Tablegen ridiculously slow when compiling for Debug

Hi all,

On LLVM version 7.0.1, incremental builds are very fast for both Release and Debug. I’m compiling with Xcode

I recently downloaded LLVM 9.0 from the LLVM-mirror Github repository and found that Incremental "Debug” builds take a ridiculously long time due to Tablegen taking ages (literally more than 10 minutes) to generate files. This makes it totally unusable for debug purposes. However, incremental ‘Release’ builds only take a few seconds.

Why is that?. Any suggestions?.

Thanks.

John Lluch

Hi,

Hi Florian,

Ok, I ran this:

cmake -S LLVM -DCMAKE_INSTALL_PREFIX=INSTALL -DLLVM_OPTIMIZED_TABLEGEN=On -G Xcode

Compiled it again from clean, and the situation is worse than before. Incremental builds take an incredible amount of time stuck in running Tablegen scripts for all targets. Now this happens both in Release and Debug configurations. Just before this, at least Release compiled fine, but that’s no longer the case.

Any other suggestions? What could actually cause this?

Thanks
John

1 Like

Maybe try building llvm as a shared objects…

Hi Praveen,

Please, can you elaborate on this?. What do do mean by “building as shared objects”.

Thanks,

John

cmake BUILD_SHARED_LIBS option, it builds llvm as .so not as .a. It will use less memory during linking so you can increase the link threads and your build time will be lesser.

Check this in : https://llvm.org/docs/CMake.html

Hi Praveen,

Thanks for the tip, but Xcode seems to spend all the time running tablegen “custom shell scripts”, one by one at a time, not linking. Linking is actually very fast, possibly less than a second. The “scripts” that take longer are “AArch64CommonTableGen" and “AMDGPUCommonTableGen”. As said this is on LLVM 9.0.
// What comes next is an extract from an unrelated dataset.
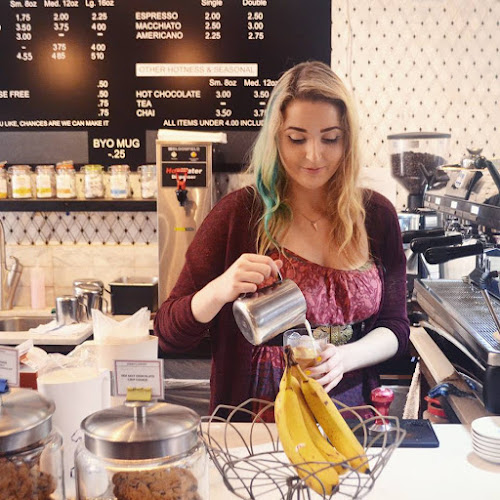 Jimmy's Coffee - Toronto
However, on LLVM 7.0.1, the same process takes just 5-6 seconds in total, with individual “scripts” taking significantly less than 1 second each. There must be some difference between LLVM 9.0 and LLVM 7.0 that might cause this (?)

John

Hi Joan :slight_smile:
Oh I don’t have any experience in Xcode & previous versions of LLVM though…

Are you saying that the TableGen execution isn't parallelized? That seems like an obvious Xcode-specific problem...

The TableGen executions are parallelized with cmake/ninja just fine.

Cheers,
Nicolai

This is also the case with the Visual Studio generators. Custom commands in a single cmake file essentially get written out line by line into a single batch file that gets processed as a custom build step. In the VS case this means that it can, for example, run X86 and Aarch64 tablegen steps in parallel with each other but all of the individual X86 invocations get processed serially. I can well imagine that the Xcode situation is similar although I’ve no experience with it myself to know for sure.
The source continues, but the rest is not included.